* [Task directions]: Give back the lines below exactly, but do not include any pictures.

* [Data to examine]:

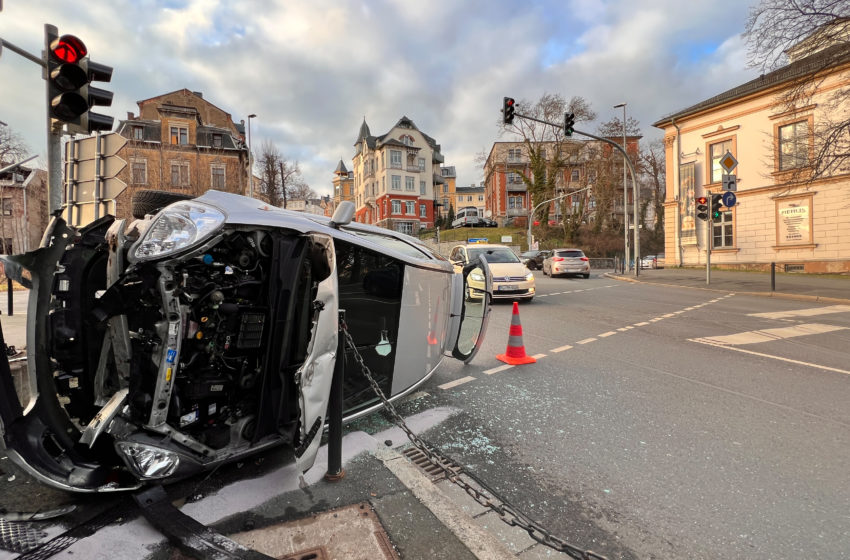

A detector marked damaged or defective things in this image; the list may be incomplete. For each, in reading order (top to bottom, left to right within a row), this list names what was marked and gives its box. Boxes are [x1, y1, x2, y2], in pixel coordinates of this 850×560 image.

overturned silver car [0, 190, 490, 492]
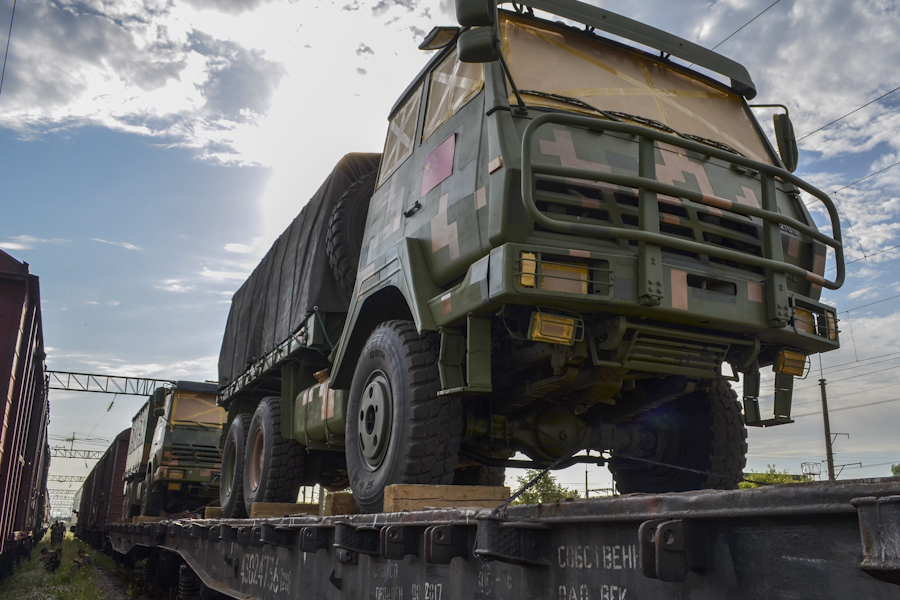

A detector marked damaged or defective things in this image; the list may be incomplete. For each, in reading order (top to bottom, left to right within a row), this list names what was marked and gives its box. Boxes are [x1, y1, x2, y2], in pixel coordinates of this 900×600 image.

rusty metal surface [105, 478, 900, 600]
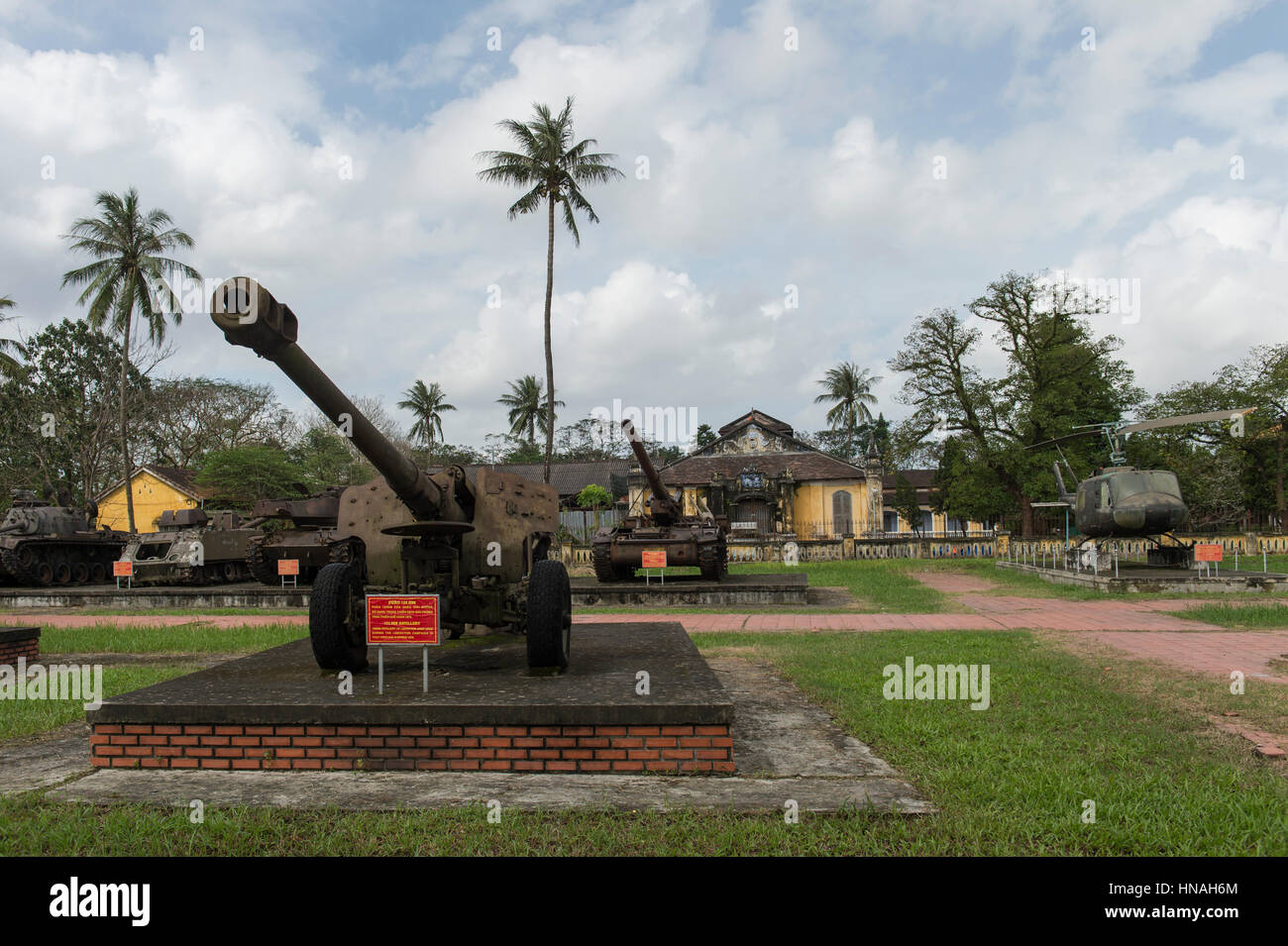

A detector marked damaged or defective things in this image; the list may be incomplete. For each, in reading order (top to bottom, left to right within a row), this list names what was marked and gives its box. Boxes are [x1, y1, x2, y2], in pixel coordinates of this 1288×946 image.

rusted military tank [0, 487, 129, 586]
rusted military tank [124, 511, 268, 586]
rusted military tank [244, 487, 347, 586]
rusted military tank [211, 275, 567, 674]
rusted military tank [590, 420, 721, 582]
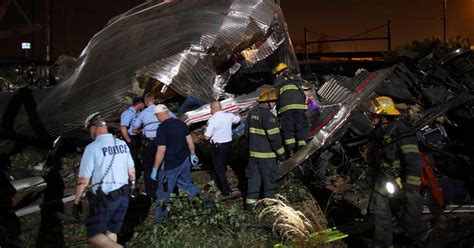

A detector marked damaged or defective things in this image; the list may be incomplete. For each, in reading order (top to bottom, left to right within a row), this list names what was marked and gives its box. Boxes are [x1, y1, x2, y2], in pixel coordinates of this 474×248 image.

torn metal sheet [0, 0, 296, 142]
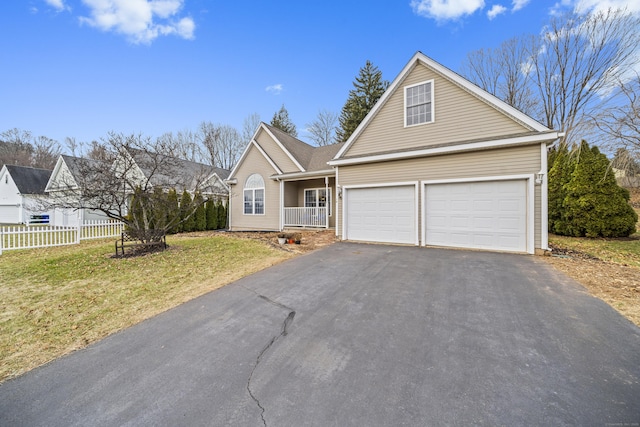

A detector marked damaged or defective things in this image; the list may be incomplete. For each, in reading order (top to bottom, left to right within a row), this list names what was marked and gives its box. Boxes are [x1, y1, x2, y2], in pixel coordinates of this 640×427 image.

crack in driveway [245, 290, 298, 427]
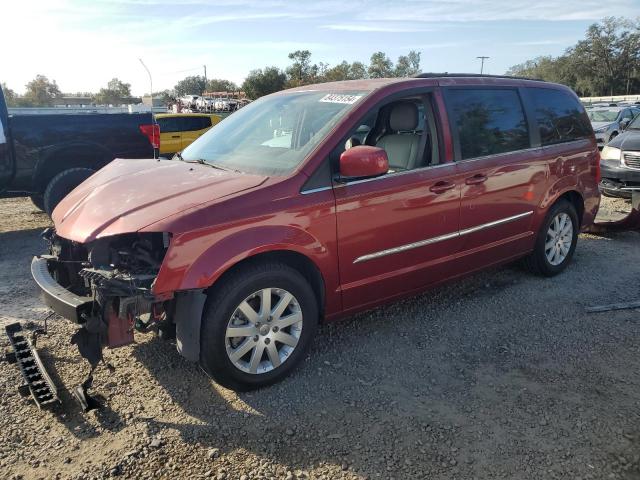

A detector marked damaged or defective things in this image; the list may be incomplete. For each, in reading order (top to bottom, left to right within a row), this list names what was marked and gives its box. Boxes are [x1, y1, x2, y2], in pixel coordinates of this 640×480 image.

damaged front end of minivan [30, 229, 175, 408]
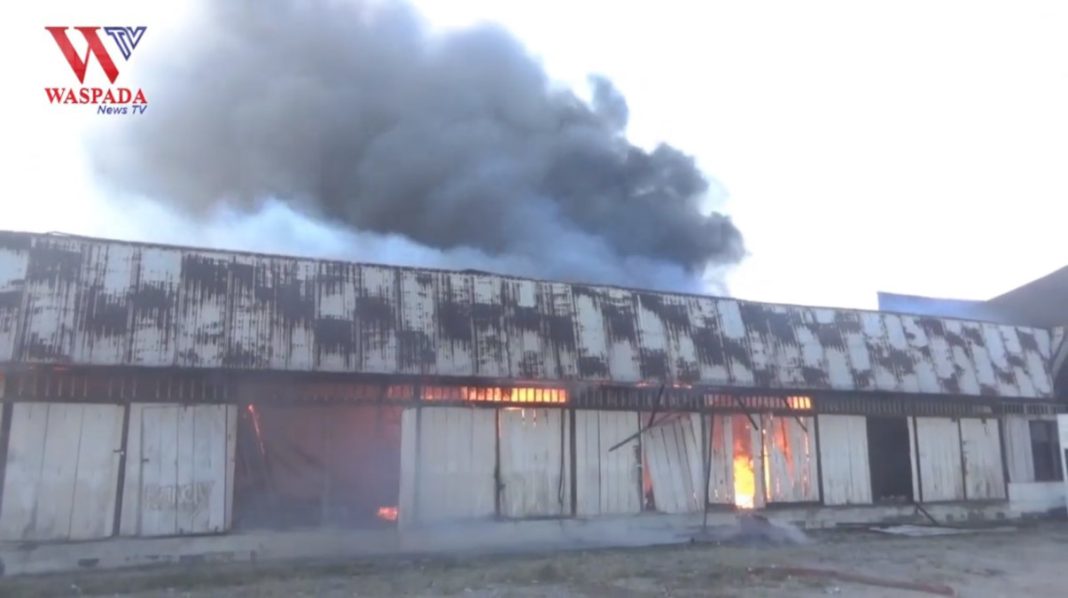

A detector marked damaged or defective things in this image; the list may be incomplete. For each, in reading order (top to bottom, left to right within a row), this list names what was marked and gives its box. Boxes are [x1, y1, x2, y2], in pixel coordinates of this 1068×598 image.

rusted metal panel [0, 235, 28, 363]
rusted metal panel [129, 246, 181, 367]
rusted metal panel [356, 265, 399, 373]
charred wall panel [0, 232, 1055, 397]
rusted metal panel [0, 231, 1055, 399]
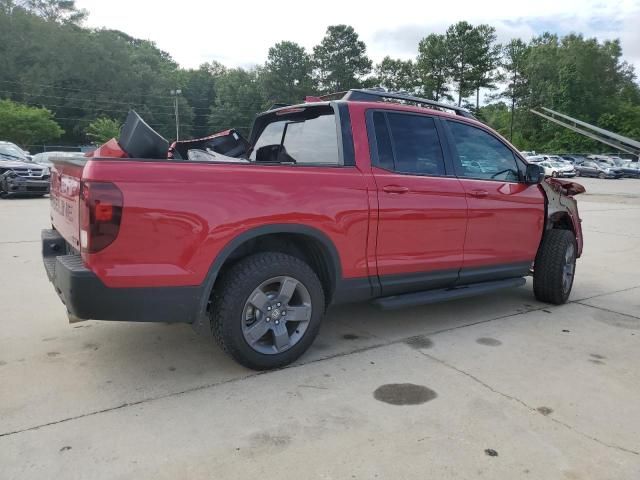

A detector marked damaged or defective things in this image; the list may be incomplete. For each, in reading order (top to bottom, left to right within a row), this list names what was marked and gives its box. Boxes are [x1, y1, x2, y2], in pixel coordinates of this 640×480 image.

damaged front end [540, 177, 584, 258]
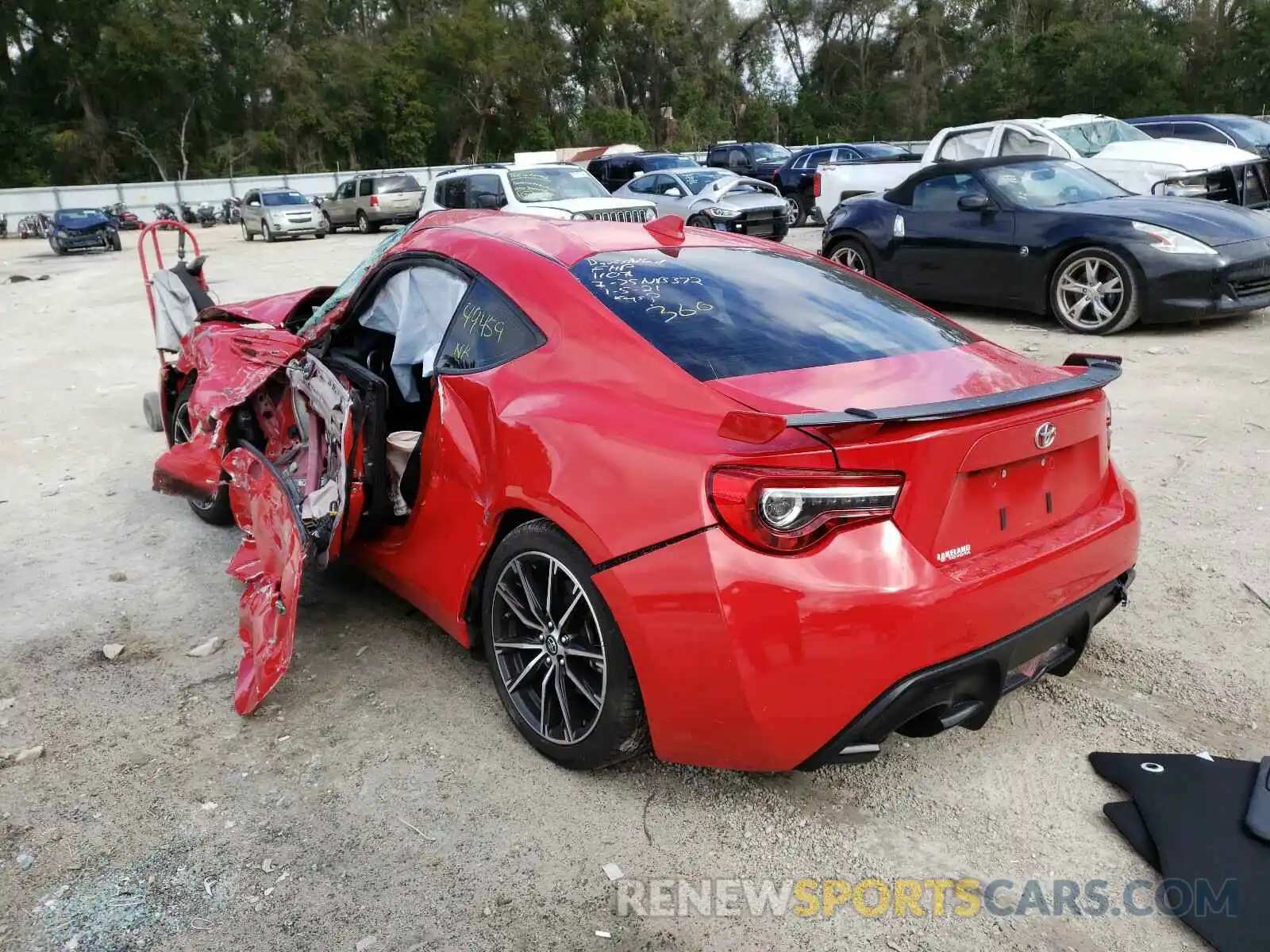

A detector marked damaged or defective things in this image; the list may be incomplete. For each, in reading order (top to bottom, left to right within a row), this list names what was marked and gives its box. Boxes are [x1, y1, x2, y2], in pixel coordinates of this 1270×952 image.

shattered windshield [505, 167, 610, 203]
shattered windshield [1041, 120, 1153, 157]
shattered windshield [302, 228, 411, 335]
torn red body panel [153, 432, 223, 508]
red damaged sports car [151, 210, 1143, 777]
torn red body panel [223, 447, 307, 716]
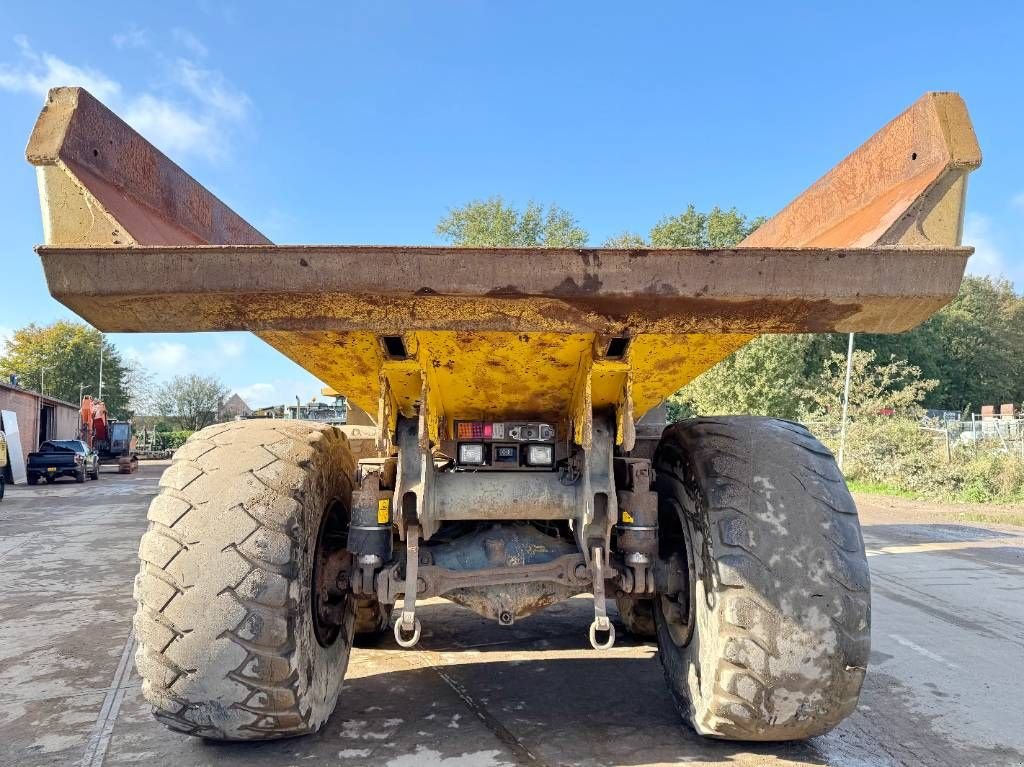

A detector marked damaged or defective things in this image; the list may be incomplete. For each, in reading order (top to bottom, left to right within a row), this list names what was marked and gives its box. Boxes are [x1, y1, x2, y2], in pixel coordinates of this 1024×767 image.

* [The answer]:
A detector marked damaged or defective things in this image; the list may be incomplete. For each, in reading order (top to bottom, left to right within a row), this list names what was marked and gives its box. Boxes are [x1, y1, x2, y2], in pixel coordinates of this 850×560 image.

overturned silver car [0, 190, 490, 492]

A detector marked damaged or defective things in this image; the list may be incomplete. For each, in reading order (top to bottom, left to right within a row), this list names what was marked and gives its box. Boxes are [x1, y1, x2, y2], in pixel coordinates of this 900×600 image.

rusty metal surface [105, 478, 900, 600]

A detector marked damaged or defective things in this image; the list may be incomplete. For each, in reading order (top to bottom, left to right within a row), this list names what was marked and gives its box. Boxes are [x1, y1, x2, y2], in pixel coordinates of this 1288×946 image.

rusted military tank [0, 487, 129, 586]
rusted military tank [124, 511, 268, 586]
rusted military tank [244, 487, 347, 586]
rusted military tank [211, 275, 567, 674]
rusted military tank [590, 420, 721, 582]

A detector marked damaged or defective things in this image; the list may be incomplete. For each, in reading order (top to bottom, left to right within a row), this list names what was marked and gives its box. Boxes are [x1, y1, x2, y2], in pixel coordinates of this 474×248 image.

torn metal sheet [0, 0, 296, 142]

A detector marked damaged or defective things in this image; the list may be incomplete. For each, in reading order (top to bottom, left to right within a row), this list names what was marked and gives its box. Boxes are [x1, y1, x2, y2], in pixel coordinates of this 640×427 image.

crack in driveway [245, 290, 298, 427]

A detector marked damaged or defective things in this image; the list may be incomplete. For each, in reading order (top to bottom, left to right within a row), this list names what was marked and gives its box. Boxes are [x1, y1, x2, y2], in pixel coordinates of this 640×480 image.

damaged front end of minivan [30, 229, 175, 408]

A detector marked damaged or defective things in this image; the list may be incomplete. For each, in reading order (top to bottom, left to right within a row), this list names what was marked and gives its box. Boxes are [x1, y1, x2, y2], in pixel coordinates of this 1068×598 image.

rusted metal panel [0, 235, 28, 363]
rusted metal panel [129, 246, 181, 367]
rusted metal panel [356, 265, 399, 373]
charred wall panel [0, 232, 1055, 397]
rusted metal panel [0, 231, 1055, 399]

A detector marked damaged or defective things in this image; the list may be incomplete. For each, in reading order (top to bottom, left to right within a row), this list names what was marked and gives its box. Boxes are [x1, y1, x2, y2], in pixel coordinates of this 640×480 image.

damaged front end [540, 177, 584, 258]

A detector marked damaged or defective things in this image; the list may be incomplete. For each, in reading order (top to bottom, left to right within a row), this list names what was marked and gives its box. Boxes are [x1, y1, x2, y2], in pixel coordinates of this 1270×952 image.

shattered windshield [505, 167, 610, 203]
shattered windshield [1041, 120, 1153, 157]
shattered windshield [302, 228, 411, 335]
torn red body panel [153, 432, 223, 508]
red damaged sports car [151, 210, 1143, 777]
torn red body panel [223, 447, 307, 716]

A detector marked damaged or defective things in this image; the list may be incomplete. For each, in reading order (top to bottom, left to right within a row), this list names what was marked and gives its box. Boxes are [x1, y1, x2, y2], in pixel coordinates of this 1024×767 image.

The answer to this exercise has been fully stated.